--- START ---

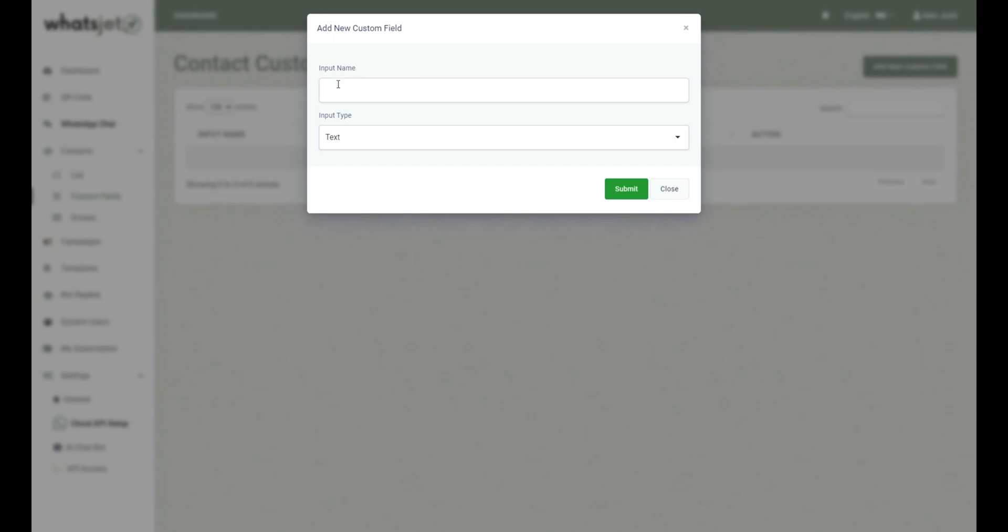Enter the input name into the provided text field. This name will be used to label the custom field.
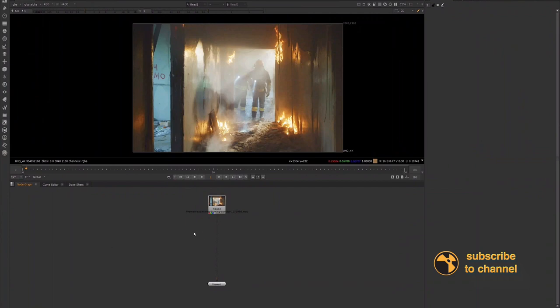Hey guys, welcome back to post series. Today I want to go over a process with you that you should always do, well most of the time, you should definitely do this before you even start comping your shot and that's de-graining your footage or removing the grain from your footage.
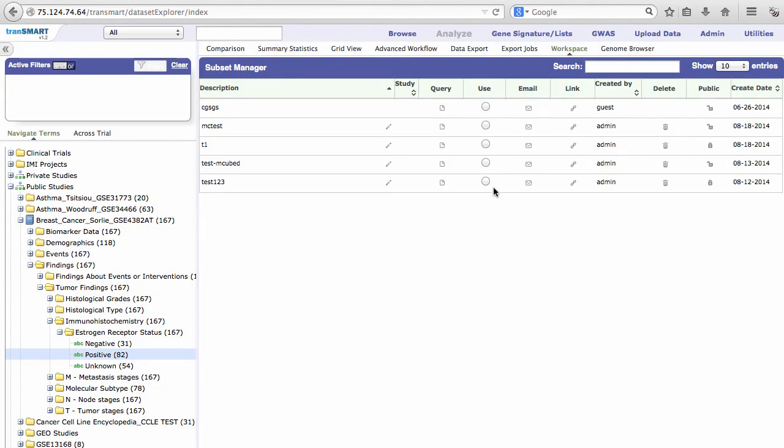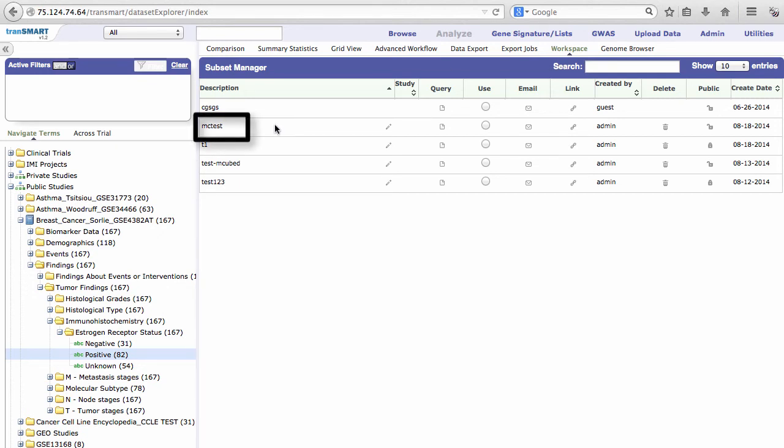You are now directed to the Workspace tab. Here we can see that our subset was successfully saved. Here is MC Test in the list.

--- END ---

**Work order**
What is needed is an exact reproduction of the data, pictures excluded.

**Exercise output**
Enter the input name into the provided text field. This name will be used to label the custom field.
Hey guys, welcome back to post series. Today I want to go over a process with you that you should always do, well most of the time, you should definitely do this before you even start comping your shot and that's de-graining your footage or removing the grain from your footage.
You are now directed to the Workspace tab. Here we can see that our subset was successfully saved. Here is MC Test in the list.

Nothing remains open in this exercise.